Turing now to FIG. 4, a flowchart of a process for managing network adapters is depicted in accordance with a preferred embodiment of the present invention. The process illustrated in FIG. 4 may be implemented in a device driver, such as device driver 306 in FIG. 3.

The process begins by setting adapter A as a primary adapter (step 400). Adapter A is set as a primary adapter by enabling Bus Master capability and IO space. The MAC address is set to the alternative MAC address assigned by the device driver. Next, adapter B is set as a standby adapter (step 402). In step 402, the Bus Master and IO space are disabled. Additionally, the MAC address is set to the built-in MAC address for the adapter.

A determination is then made as to whether a network or adapter problem is detected (step 404). This step is performed by using a heartbeat process. If a heartbeat is received within a select period of time, then the adapter is assumed to be functioning properly. If a heartbeat is not received, then a problem is assumed to exist. If a problem is not detected, the process returns to step 404.

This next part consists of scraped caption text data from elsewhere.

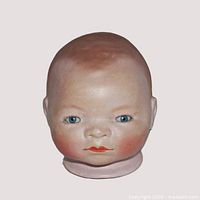 Front view of Grace S Putnam Bye-Lo porcelain doll head
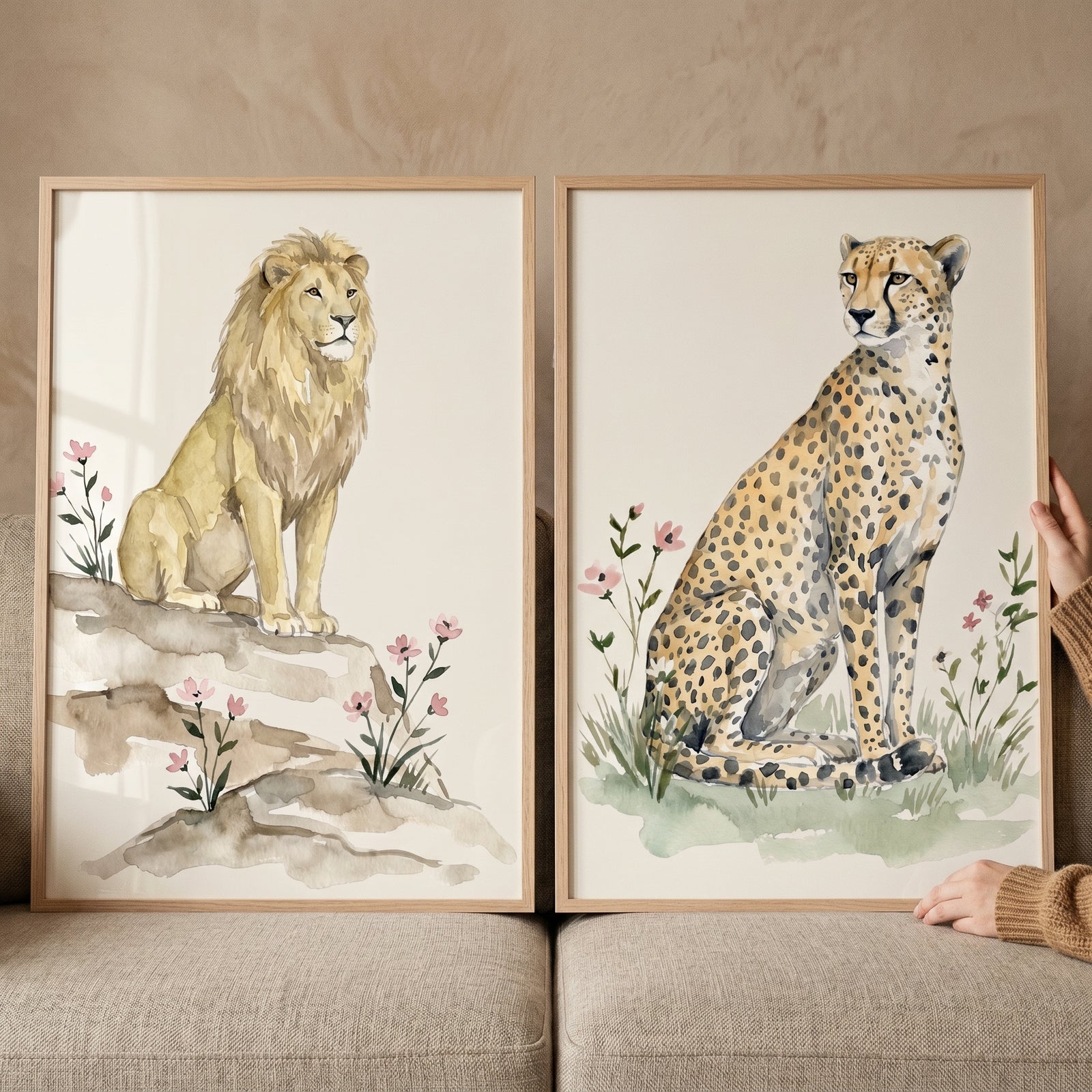 Watercolor lion and cheetah pink wildflower safari animal wall art set of 2 in light wood frames.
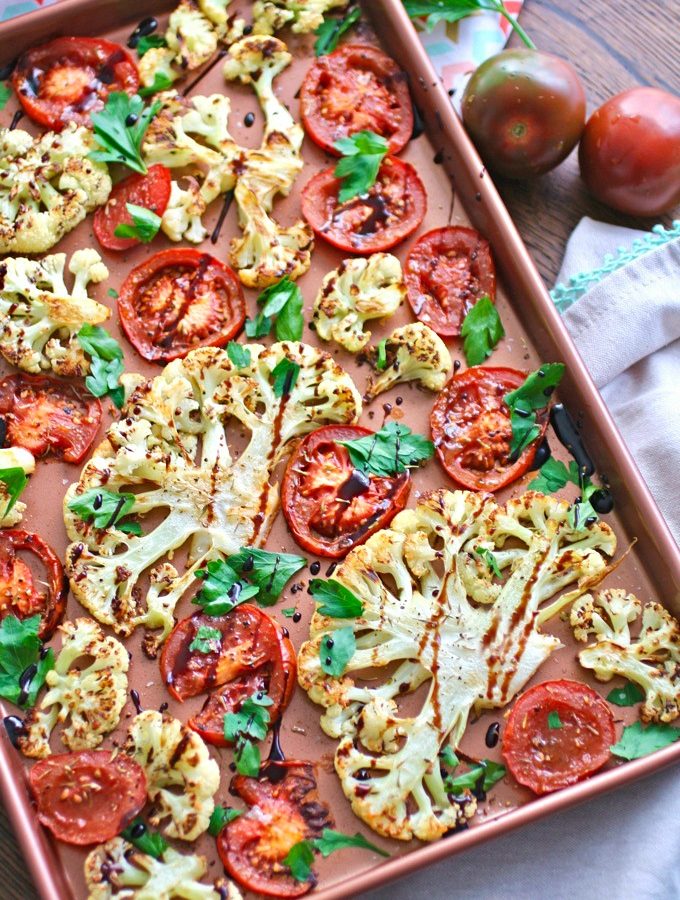 Roasted Cauliflower and Tomatoes with Balsamic Glaze is fabulous! You'll love it as a side, or as part of a meatless main dish!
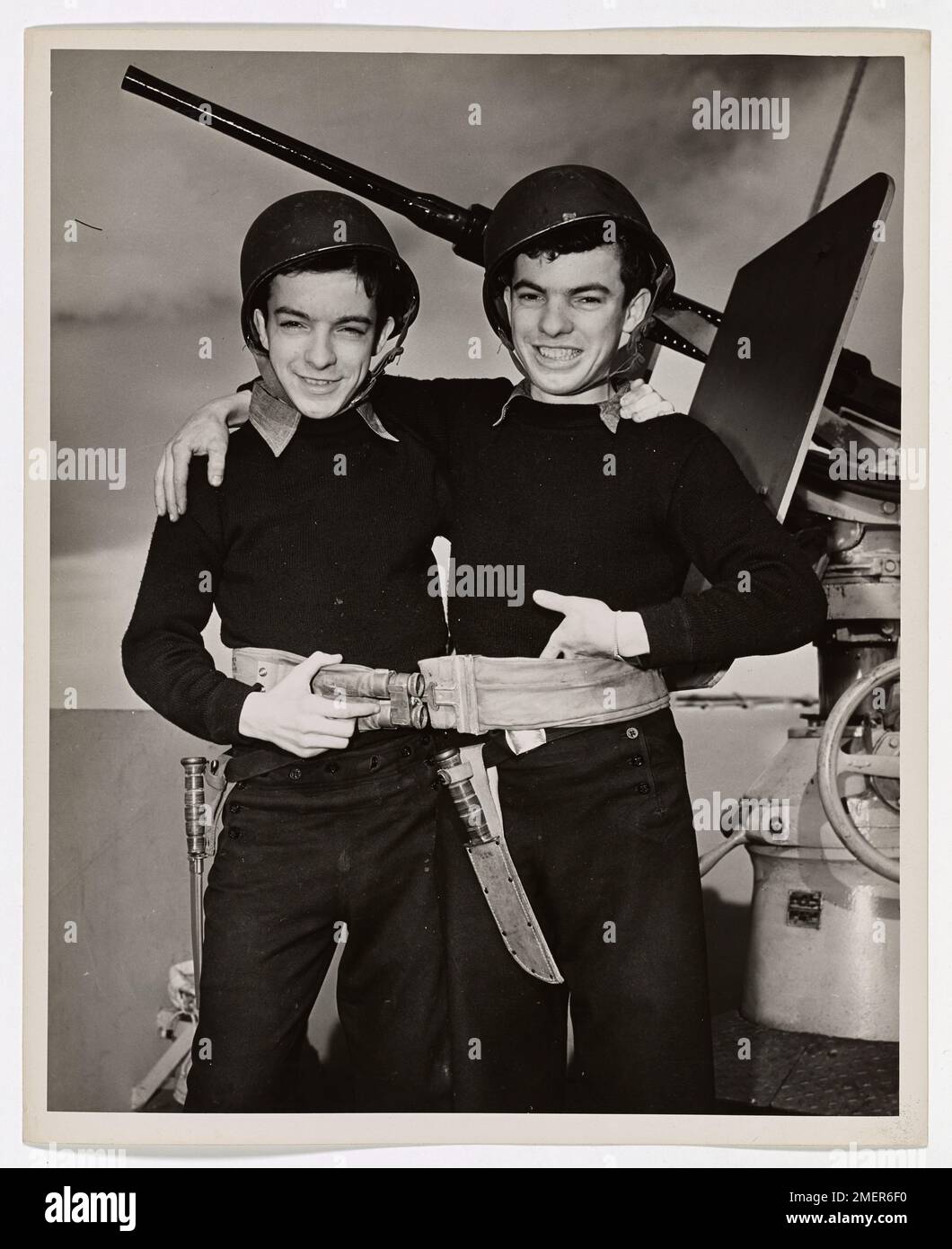 Des Twins Bostonese dans un transport de l'Atlantique. Ils sont âgés de 17 ans, ces jumeaux de la Garde côtière de Dorchester, Massachusetts, et ils se ressemblent autant que ces personnages célèbres, « Ike et Mike ». En fait, l'un des frères Collins s'appelle Mike, mais son frère est John. Mike est celui de gauche ou peut-être celui de droite. Quelle différence cela fait-il ? Les jumeaux de Collins se sont rassemblés à Boston sur 17 novembre 1944, à l'âge de 17 ans. Ils servent maintenant sur un transport de troupes de la Garde côtière qui transporte des renforts de l'autre côté de l'Atlantique. Il semble qu'une ceinture de vie suffise pour les deux. TH Banque D'Images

Otherwise, a soft reset of adapter A is initiated (step 406). A soft reset is used to reset the adapter hardware logic and place the adapter back to the IPL's default state. The soft reset may often clear up a situation causing the adapter problem detected in step 404. As such, this adapter can now play the role of a standby adapter. Adapter A is then set to a standby state (step 408). Adapter A is switched from a primary state to a standby state by disabling the Bus Master and IO space. Additionally, the MAC address is switched to the built-in MAC address for adapter A. Adapter B is now set as the primary adapter (step 410). Adapter B is switched from being a standby adapter to the primary adapter by enabling Bus Master and IO space. Further, the MAC is set to the alternative MAC address used by the device driver for accessing the primary adapter.

The process then determines whether a network or adapter problem is detected (step 412). If a problem is not detected, the process returns to step 412. Otherwise, a soft reset of adapter B is initiated with the process then returning to step 400 as described above.

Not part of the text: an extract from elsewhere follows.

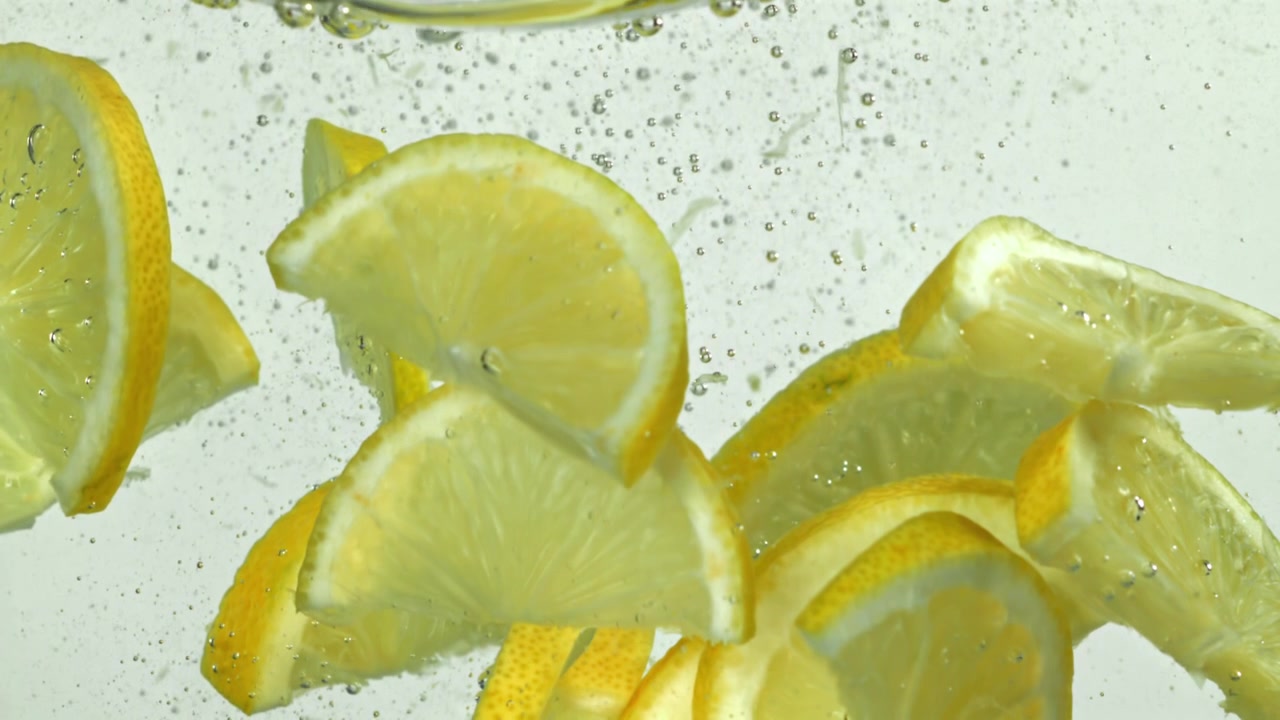 Fette di limone fresche che galleggiano in acqua frizzante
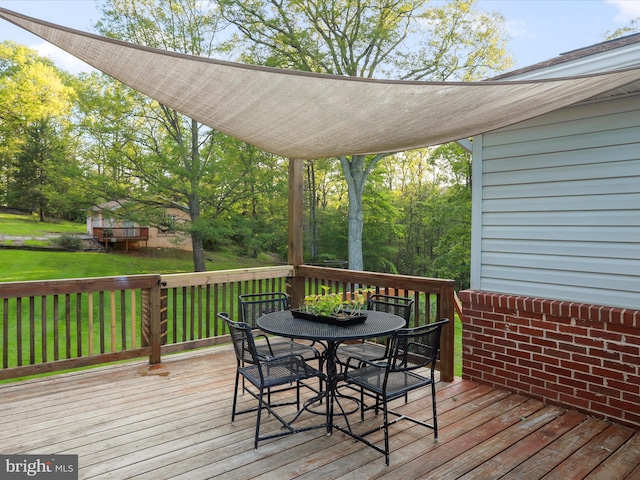 55 Powell Ln, Front Royal, VA 22630 - wooden terrace with outdoor dining space and a lawn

Thus, the present invention provides a method, apparatus, and computer instructions for managing adapters in a failover process. The mechanism of the present invention is implemented in a device driver to enable faster processing of adapters during a failover process. Further, the device driver handles the primary adapter as well as any standby adapter, rather than having a separate device driver for each adapter. This process eliminated having to unload a device driver for the failed adapter and then reconfiguring the standby adapter. Further, with the device driver handling the primary and standby adapters, data may be shared between the adapters when a failover process is initiated. In this manner, the amount of time needed for a failover process is reduced along with a reduction in the possibility of data loss occurring.

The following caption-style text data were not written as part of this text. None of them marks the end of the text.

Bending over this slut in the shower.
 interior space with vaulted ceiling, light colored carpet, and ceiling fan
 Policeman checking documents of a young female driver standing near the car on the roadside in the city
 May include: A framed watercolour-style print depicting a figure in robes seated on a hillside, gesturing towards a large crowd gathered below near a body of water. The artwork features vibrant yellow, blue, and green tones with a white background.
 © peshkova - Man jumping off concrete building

It is important to note that while the present invention has been described in the context of a fully functioning data processing system, those of ordinary skill in the art will appreciate that the processes of the present invention are capable of being distributed in the form of a computer readable medium of instructions and a variety of forms and that the present invention applies equally regardless of the particular type of signal bearing media actually used to carry out the distribution. Examples of computer readable media include recordable-type media, such as a floppy disk, a hard disk drive, a RAM, CD-ROMs, DVD-ROMs, and transmission-type media, such as digital and analog communications links, wired or wireless communications links using transmission forms, such as, for example, radio frequency and light wave transmissions. The computer readable media may take the form of coded formats that are decoded for actual use in a particular data processing system.

The description of the present invention has been presented for purposes of illustration and description, and is not intended to be exhaustive or limited to the invention in the form disclosed. Many modifications and variations will be apparent to those of ordinary skill in the art. Although the depicted examples illustrate a failover process with respect to a network adapter, the mechanism of the present invention may be applied to other types of adapters or devices handled by a device driver. For example, this mechanism may be applied to graphics adapters or printers.

The embodiment was chosen and described in order to best explain the principles of the invention, the practical application, and to enable others of ordinary skill in the art to understand the invention for various embodiments with various modifications as are suited to the particular use contemplated.

Claims

1. A method in a device driver for handling a failure of a primary adapter in a data processing system, the method comprising:

monitoring the primary adapter for the failure; and

responsive to detecting the failure, switching to a standby adapter handled by the device driver.

2. The method of claim 1, wherein the failure is an occurrence of at least one of a network problem and a port problem.

3. The method of claim 1, wherein the primary adapter is on a first port and the standby adapter is on a second port and wherein the switching step comprises:

switching from the first port to the second port to switch to the standby adapter.

4. The method of claim 3, wherein the first port is assigned an active media access control address prior to a switch from the primary adapter to the standby adapter and wherein the switch from the first port to the second port is made by assigning the second port to an active media access control address.

5. The method of claim 3 further comprising:

initiating a soft reset of the first port.

6. The method of claim 1, wherein the primary adapter is a network adapter.

7. The method of claim 1, wherein the primary adapter is a graphics adapter.

8. A data processing system for handling a failure of a primary adapter in a data processing system, the data processing system comprising:

monitoring means for monitoring the primary adapter for the failure; and

switching means for switching to a standby adapter handled by the device driver responsive to detecting the failure.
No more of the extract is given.